Android Open-source ROMs: Frequently Asked Questions
- 1.Is Eclipsa Video support available for older Android versions?No, native Eclipsa Video support is exclusive to Android 17 (API level 37) and newer AOSP releases. Older Android versions will continue to rely on static, device-specific HDR tone mapping profiles.
- 2.Do custom ROMs based on AOSP get Eclipsa Video support automatically?Yes, because Eclipsa Video support is built directly into the AOSP platform framework for Android 17, no additional OS-level modifications are required for custom ROMs to enable the feature.

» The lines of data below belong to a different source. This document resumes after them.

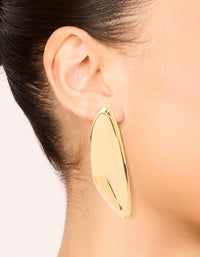 Waterproof Gold Plated Stainless Steel Shield Stud Earrings - link has visual effect only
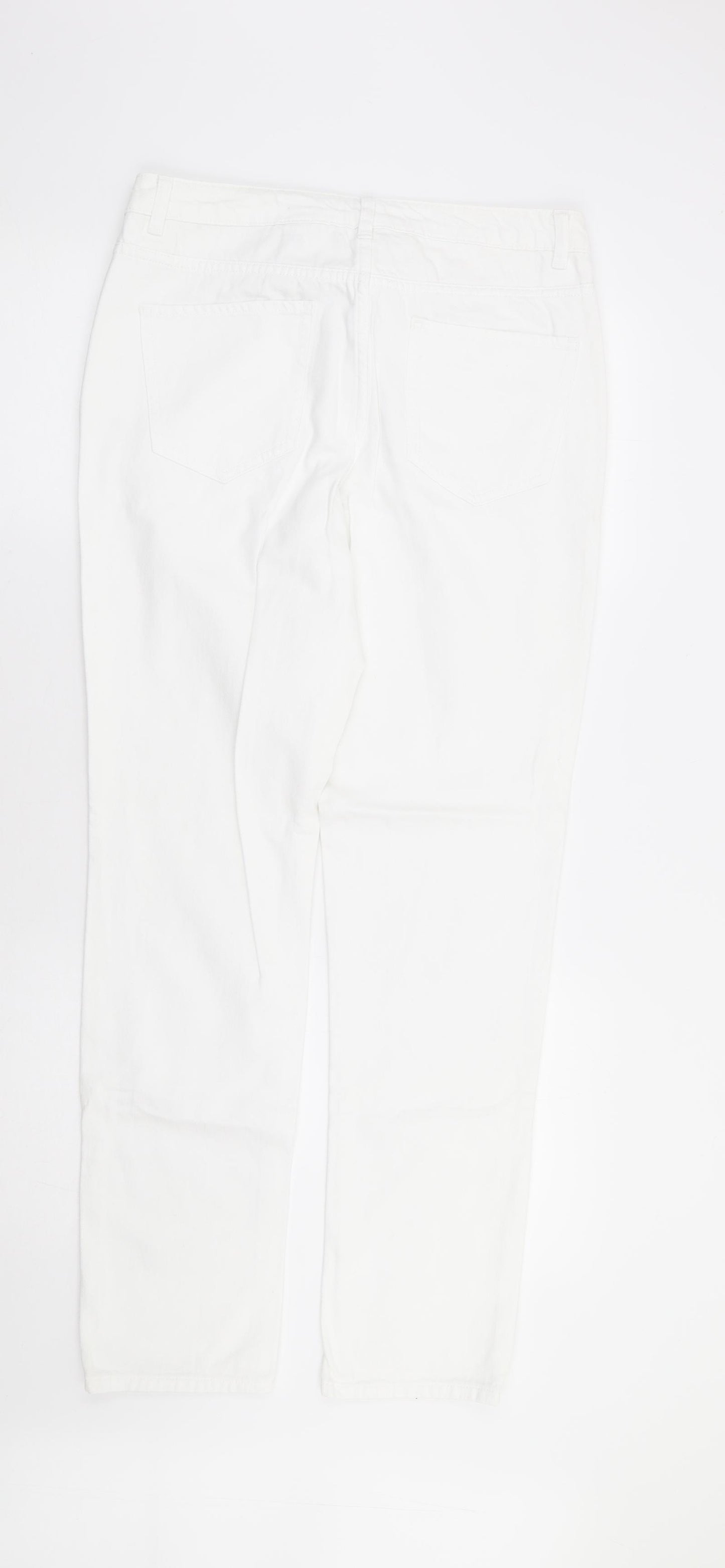 NEXT Womens White Cotton Straight Jeans Size 10 L31 in Regular Zip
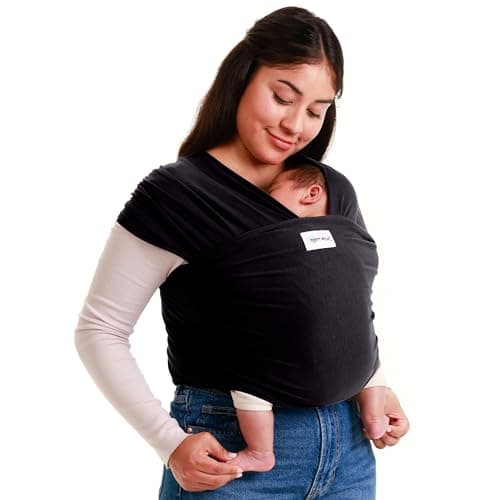 Image of Sleepy Wrap Baby Carrier Newborn to Toddler (7-35 lbs/3-15 kg) - Hands-Free & Hip-Healthy Baby Wrap Carrier, Machine-Washable & Breathable (Black)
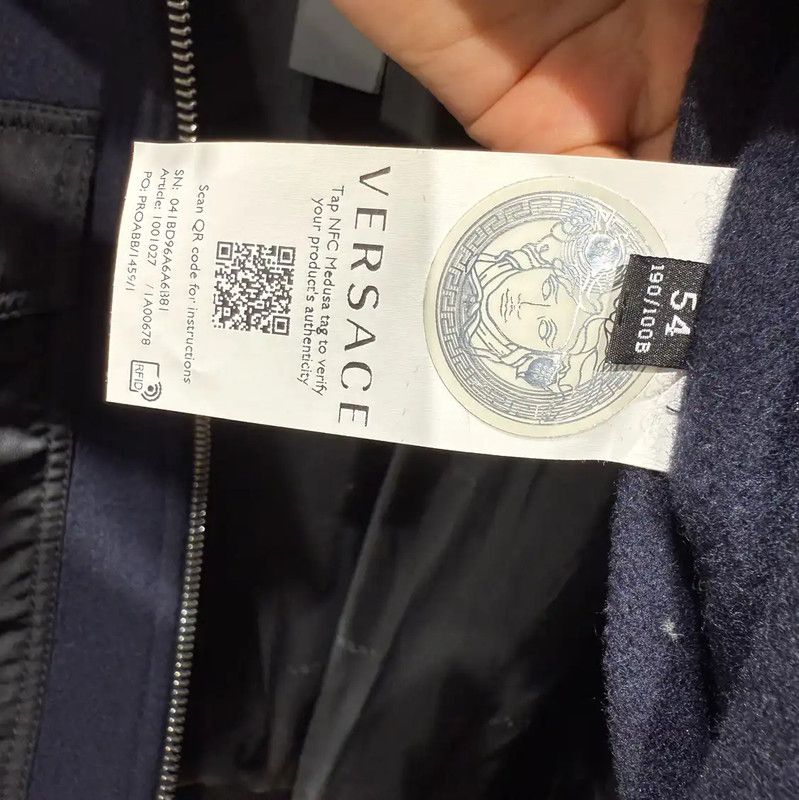 Versace Versace XL Navy Blue Men’s Outerwear Jacket 0089 Size US XL / EU 56 / 4 - 3 Thumbnail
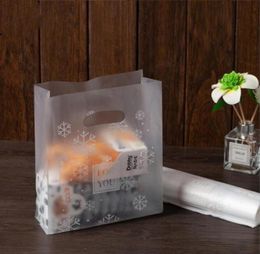 50 -stcs sneeuwvlok plastic cadeauzakje doek opslag met handvat doorzichtige plastic candy cake wrapping9027927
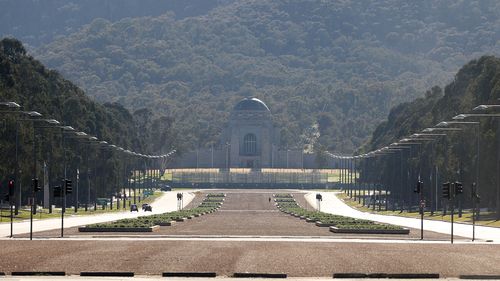 The Australian War Memorial is seen empty amid lockdown in Canberra.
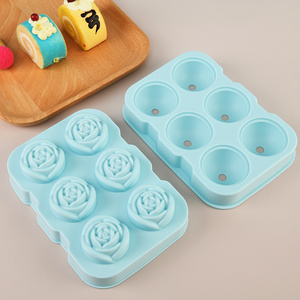 High quality portable six roses ice hockey puck silicone ice cube tray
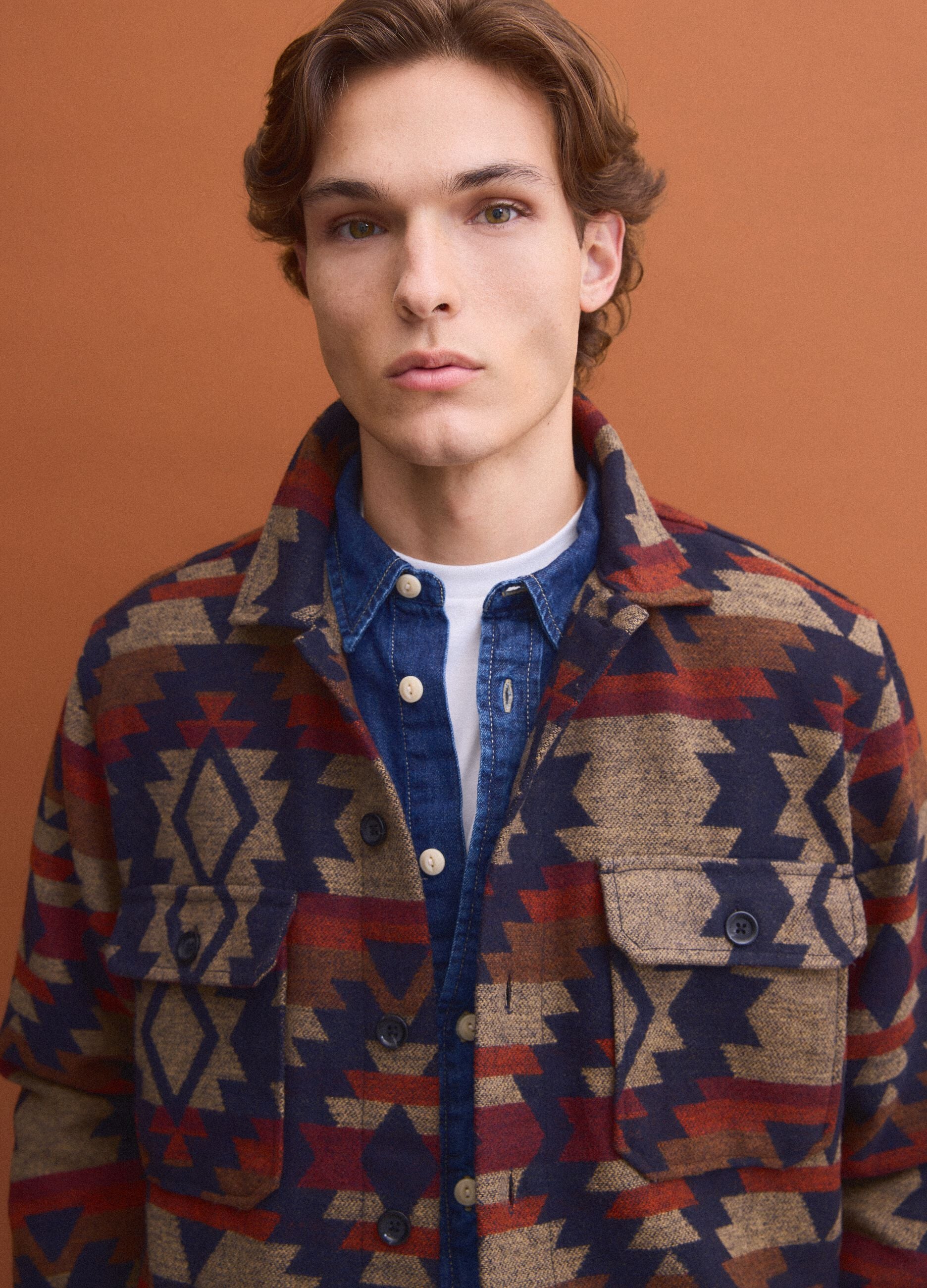 Multicolour geometric-print bowling-collar shacket, oversized fit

- 3.What displays are compatible with Eclipsa Video?Eclipsa Video is compatible with any display that supports the SMPTE ST 2094-50 HDR standard.
- 4.Will Eclipsa Video work with HDR content from third-party streaming apps?Yes, as long as the streaming service provides Eclipsa Video (SMPTE ST 2094-50) compliant HDR streams, the native Android 17 platform support will render the content consistently across all compatible AOSP-based devices. Bottom line: AOSP-based Android ROM and app developers can eliminate the need to build and maintain custom per-device HDR tone mapping profiles previously required for devices ranging from 600-nit budget handsets to 4000-nit flagship tablets. End users will see uniform HDR brightness, color, and shadow detail across all compatible displays when using Android 17 or newer AOSP-based builds.